James Simon is an International
Artist who was born in Pittsburgh, Pennsylvania. He is
a professionally-trained lutier and restorationist turned sculptor
whose work has been interpreted as a fusion of High Renaissance
technology, contemporary art, and primitive form. His extensive
travels and rich experiences with other cultures and peoples give
his work a unique, original, multicultural perspective.
James has always encouraged his studio and home to be a cultural
meeting ground, and over the years has hosted a variety of music
and other cultural events,including 10 years of the nationally
Street Reading Series. -In collaboration with the directors Sherrie
Flick, and Nancy Krygosky.
What grounds my work is the belief that art is a celebratory
experience that can create joy despite adverse conditions of social
injustice, poverty, war.I came from a family that pulsed with music
and dance (my father was a violinist, my mother a tap dancer).
When I graduated high school, I began extensively traveling
the world. I spent many years living in Brazil, Mexico,
Australia and England. The distinct, diverse experiences I
had living and creating art in these cultures has shaped my
approach to art thematically, stylistically, and in my choice of
materials. But what each of these cultures shared, and what
is reflected in my sculptures, is the primal impulse towards
creative expression that is situated in daily life and can serve to
uplift the human spirit.
In England I trained as a violinmaker, a renaissance
art that demands a high level of knowledge, precision and
discipline.

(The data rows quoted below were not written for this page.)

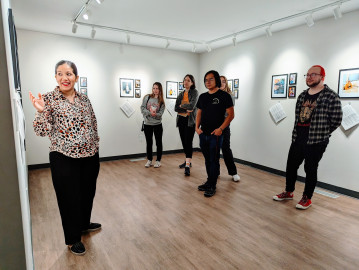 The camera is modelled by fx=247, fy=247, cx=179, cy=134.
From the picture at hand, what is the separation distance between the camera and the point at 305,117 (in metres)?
2.91

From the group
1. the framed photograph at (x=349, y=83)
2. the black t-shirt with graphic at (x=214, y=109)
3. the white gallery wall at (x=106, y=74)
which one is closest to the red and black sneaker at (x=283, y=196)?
the black t-shirt with graphic at (x=214, y=109)

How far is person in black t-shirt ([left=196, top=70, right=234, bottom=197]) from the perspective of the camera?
322 centimetres

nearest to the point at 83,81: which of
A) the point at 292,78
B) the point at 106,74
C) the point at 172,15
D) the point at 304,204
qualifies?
the point at 106,74

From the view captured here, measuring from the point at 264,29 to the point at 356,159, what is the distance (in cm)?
256

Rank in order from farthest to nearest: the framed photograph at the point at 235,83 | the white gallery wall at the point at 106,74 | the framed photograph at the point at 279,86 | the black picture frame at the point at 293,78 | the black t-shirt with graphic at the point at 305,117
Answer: the framed photograph at the point at 235,83
the white gallery wall at the point at 106,74
the framed photograph at the point at 279,86
the black picture frame at the point at 293,78
the black t-shirt with graphic at the point at 305,117

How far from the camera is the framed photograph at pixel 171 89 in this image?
6.16 metres

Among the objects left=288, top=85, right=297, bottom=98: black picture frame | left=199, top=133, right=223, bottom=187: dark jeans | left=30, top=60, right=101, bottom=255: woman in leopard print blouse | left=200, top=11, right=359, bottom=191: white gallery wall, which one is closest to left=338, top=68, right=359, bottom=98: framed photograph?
left=200, top=11, right=359, bottom=191: white gallery wall

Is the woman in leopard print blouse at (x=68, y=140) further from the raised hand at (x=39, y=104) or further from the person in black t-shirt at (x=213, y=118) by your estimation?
the person in black t-shirt at (x=213, y=118)

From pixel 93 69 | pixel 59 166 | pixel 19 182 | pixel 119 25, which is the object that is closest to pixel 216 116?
pixel 59 166

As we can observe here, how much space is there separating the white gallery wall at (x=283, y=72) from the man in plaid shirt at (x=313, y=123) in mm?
1023

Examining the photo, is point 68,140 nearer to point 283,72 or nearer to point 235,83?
point 283,72

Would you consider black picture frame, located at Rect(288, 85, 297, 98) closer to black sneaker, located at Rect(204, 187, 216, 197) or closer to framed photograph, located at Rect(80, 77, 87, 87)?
black sneaker, located at Rect(204, 187, 216, 197)

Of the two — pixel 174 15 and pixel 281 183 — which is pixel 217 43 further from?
pixel 281 183

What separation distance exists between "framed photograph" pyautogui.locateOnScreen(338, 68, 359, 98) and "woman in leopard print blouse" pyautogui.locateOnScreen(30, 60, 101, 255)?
3.51m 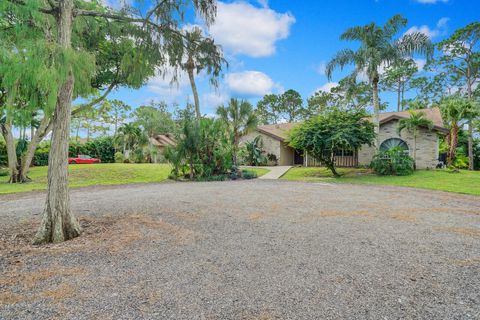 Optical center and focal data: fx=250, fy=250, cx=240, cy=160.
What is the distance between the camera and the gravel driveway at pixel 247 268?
2.34m

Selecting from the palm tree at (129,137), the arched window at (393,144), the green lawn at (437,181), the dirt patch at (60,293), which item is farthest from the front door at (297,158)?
the dirt patch at (60,293)

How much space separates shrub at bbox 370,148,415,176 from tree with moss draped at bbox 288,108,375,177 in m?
1.56

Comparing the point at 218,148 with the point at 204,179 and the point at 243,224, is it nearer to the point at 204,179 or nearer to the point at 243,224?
the point at 204,179

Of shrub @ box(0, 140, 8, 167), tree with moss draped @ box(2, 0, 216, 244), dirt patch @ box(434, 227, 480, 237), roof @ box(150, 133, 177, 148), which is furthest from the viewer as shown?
roof @ box(150, 133, 177, 148)

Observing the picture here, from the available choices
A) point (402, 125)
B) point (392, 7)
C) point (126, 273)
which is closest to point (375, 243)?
point (126, 273)

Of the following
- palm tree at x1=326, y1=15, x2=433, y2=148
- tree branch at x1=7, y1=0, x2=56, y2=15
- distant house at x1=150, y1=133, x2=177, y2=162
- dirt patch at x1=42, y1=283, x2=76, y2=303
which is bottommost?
dirt patch at x1=42, y1=283, x2=76, y2=303

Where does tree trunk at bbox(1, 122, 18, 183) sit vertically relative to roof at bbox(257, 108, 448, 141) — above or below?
below

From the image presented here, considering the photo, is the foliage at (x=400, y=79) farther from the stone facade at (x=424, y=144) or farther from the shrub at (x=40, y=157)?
the shrub at (x=40, y=157)

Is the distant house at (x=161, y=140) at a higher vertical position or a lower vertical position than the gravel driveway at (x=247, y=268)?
higher

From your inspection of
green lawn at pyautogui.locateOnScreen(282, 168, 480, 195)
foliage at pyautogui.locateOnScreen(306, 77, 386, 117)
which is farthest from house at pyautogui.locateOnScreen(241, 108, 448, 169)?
foliage at pyautogui.locateOnScreen(306, 77, 386, 117)

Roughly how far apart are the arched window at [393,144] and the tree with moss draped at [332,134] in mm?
4376

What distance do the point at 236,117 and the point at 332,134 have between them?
6.04 metres

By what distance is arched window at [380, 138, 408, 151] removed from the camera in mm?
18441

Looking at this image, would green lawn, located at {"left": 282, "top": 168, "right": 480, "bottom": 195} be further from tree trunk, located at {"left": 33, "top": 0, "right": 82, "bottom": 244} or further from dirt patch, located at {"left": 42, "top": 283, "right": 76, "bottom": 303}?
tree trunk, located at {"left": 33, "top": 0, "right": 82, "bottom": 244}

The beauty of the violin must be expressed within
a strict architectural and acoustic formula. My sculptures utilize
the discipline of this classical training (in process and in the
integrity of the materials I use) while incorporating a kind of
"street freedom" that allows me to depict history and contemporary
life in a fluid, poetic, transcendent style strongly influenced by
my international as well as local life experiences.
Living in these places, especially among indigenous cultures, I
experienced a unique relationship between humans and nature--I
watched cows and burrows munching on my front lawn in the late
night moonlight, woke up most nights in my pueblo to the sounds of
an endless orchestra of dogs and roosters in the distance. I
also experienced a unique relationship between the people and art.

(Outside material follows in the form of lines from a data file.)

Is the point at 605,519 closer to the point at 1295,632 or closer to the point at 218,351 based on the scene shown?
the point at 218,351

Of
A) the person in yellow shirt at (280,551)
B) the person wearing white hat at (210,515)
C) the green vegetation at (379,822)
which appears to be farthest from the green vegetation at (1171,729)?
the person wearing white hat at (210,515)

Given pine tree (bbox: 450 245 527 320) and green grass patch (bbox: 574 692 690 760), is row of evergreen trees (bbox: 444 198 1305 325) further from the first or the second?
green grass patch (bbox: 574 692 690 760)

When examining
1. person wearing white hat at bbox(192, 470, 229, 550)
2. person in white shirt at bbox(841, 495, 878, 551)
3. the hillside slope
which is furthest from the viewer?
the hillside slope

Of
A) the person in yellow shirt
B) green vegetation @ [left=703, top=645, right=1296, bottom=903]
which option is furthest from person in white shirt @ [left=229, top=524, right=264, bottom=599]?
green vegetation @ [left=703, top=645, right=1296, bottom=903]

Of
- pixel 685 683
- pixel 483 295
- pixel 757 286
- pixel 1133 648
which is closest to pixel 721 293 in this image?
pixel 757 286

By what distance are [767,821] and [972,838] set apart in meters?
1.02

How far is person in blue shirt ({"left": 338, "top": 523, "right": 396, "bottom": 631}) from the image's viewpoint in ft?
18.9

Artistic expression in these cultures is an integral part of
daily life; it is colorful, full of music, humor, and connected to
antiquity. These experiences profoundly influence the themes,
composition and emotion of my art. The figures I sculpt have
their beginnings in the quotidian: a Mexican kid leaning
against a building upside down reading a comic book, a street
musician searching for the right chords to express an emotion.
My "Uptown Rhythm" relief sculpture depicts the activity of a
vibrant community on a typical day. Though it alludes to the
history of a Pittsburgh neighborhood, it examines the magic and
beauty of the idea of community, an important theme in my work.
Sculpting in clay allows me to go beyond realism to capture the
fluidity of human form and the details of human expression in a way
that amplifies the emotion of a piece. This figurative style
gives my sculptures a universality and timelessness that make them
relevant and relatable to viewers, qualities I value in art.